Front of house compressors are much like mastering compressors in how they’re set up. They have a relatively slow attack time and a very long release. Anything that goes into them too hot will cut through for a moment (which sounds like a big POP) and then the level will drop enormously before slowly creeping back to normal (at which point the hot kick or snare usually hits again and the process is repeated). This not only sounds terrible but makes it damn near impossible to stay on point with any pattern that you’re playing live.
If you never gain sounds in the MPC, then you should never send a signal hot enough to make the compressor shit itself and you should never have any problems.
2. If you’re not playing a program on the fly (a la Exile or ARAAB) then make sure you name your tracks and sequences. You can even go so far as to arrange them in the SONG window and convert the whole song to one new, giant sequence. That way, if you have an outro without any vocals, you can jump into the MUTE window and do a nice little ‘on the fly’ drum/sample drop sequence.
3. Convert as many samples as you can to mono. This is usually absolutely fine for drums (kicks, snares, hats etc) and percussion. You have to decide for yourself whether it’s worthwhile for samples. It usually won’t hurt for bass (as many systems mono the bass anyway to avoid phasing issues in the venue). The reason for doing this is purely to reduce the time it takes to load a new program and sequence. If you have a Compact Flash drive or SCSI drive then the load time will be between 10 and 30 seconds for a song. Needless to say, if you run off floppy disk still – then you’re in for a world of hurt waiting for the MPC to load so you’re better off just learning how to adlib really well between songs.
4. Fall in love with the 16 levels function and the SLIDER. They are both limited. You can’t turn 16 Levels on or off while a sequence is playing, for example, but with some deft skills you can stop a sequence in the final count of the loop, hit 16 levels, and then press PLAY START in time to catch the first beat of the next bar. Make note of my qualification about DEFT SKILLS… you’ll need them. This does allow you to, for instance, go from some on the fly arrangement into a synth solo on the MPC though so it’s worth experimenting. The SLIDER can only be assigned to 1 pad at a time but you can get some gnarly effects from it. Assign it to a synth/siney tone and you can go pitch shift crazy. To make this seem flawless, set the sine tone as a short loop and make the END time for the amplitude envelope quite long. The SLIDER can’t vary the pitch while a sample is playing but with a long release you can tap the sine pad repeatedly while moving the pitched and create a fairly seemless sounding sine pitch shift.

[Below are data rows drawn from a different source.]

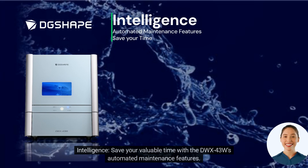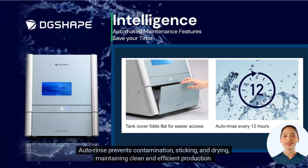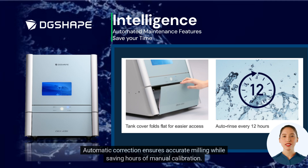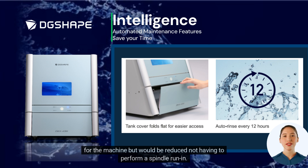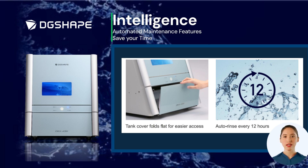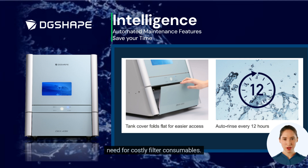Save your valuable time with the DWX43W's automated maintenance features. Auto rinse prevents contamination, sticking, and drying, maintaining clean and efficient production. Automatic correction ensures accurate milling while saving hours of manual calibration. Collet maintenance and coolant flow check are still required daily, but daily maintenance is reduced since there is no need to perform a spindle run-in. The improved water flow system keeps milling burrs and other device parts cleaner for longer, with no need for costly filter consumables.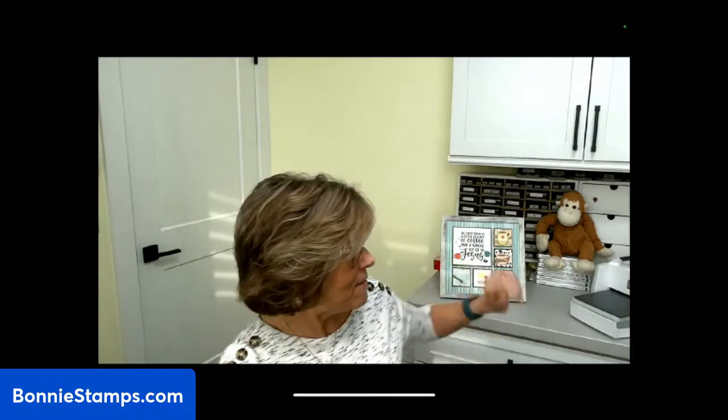That is my thank you gift to you when you shop with me during the month of March. Remember to use the host code, which is on my website bonniestamps.com. Also on Thursday, I am going to have a new class posted. This goes out through my emails, and if you visit my website you can sign up for my emails. The class I'm going to be doing is the Latte Love.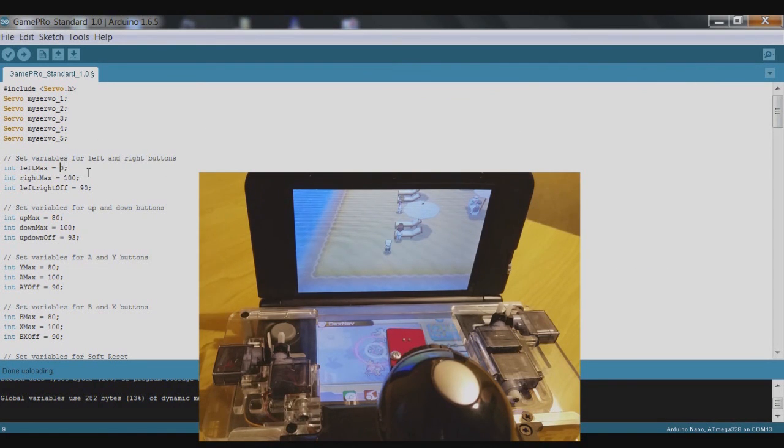We already know 70 was okay, so we'll stick to that. This means the central point of 90 is 20 degrees away from pressing left, but only 10 degrees away from pressing right. It's a good idea to change this neutral number so it's the middle of the left and right buttons — in this case 85. If you're unsure how to find it, just add the two values together and divide by two.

5. Learn to love the filter envelope (PROGRAM WINDOW, highlight cutoff or resonance and press OPEN WINDOW to access it). This can turn a really simple looped sound into a damn good imitation of an old analogue synth. For even more Moog-ish funk, link the pad to another pad with the same sound but pitched up or down 120 (1 octave). You can then alter the filter envelope on the second pad in an entirely different way to the first pad and create very interesting sounds such as a bass not that falls hard, sharp and low at the start and then sweeps in with a squelchy higher frequency towards the end. Very cool. You could also link two patches of the same sound and pitch one down 1 or 2 and the other up 1 or 2 for a fat detuned bassline. Just beware of phasing. Either way, this can really cut down the need to bring a synth to your gigs.
And, that’s my top five recommendations for using the MPC2000XL live. It’s nearly 13 years old and I’m yet to find a replacement machine that can compete (and trust me, I’ve tried Maschine, Ableton, the MPC1000 and many other units).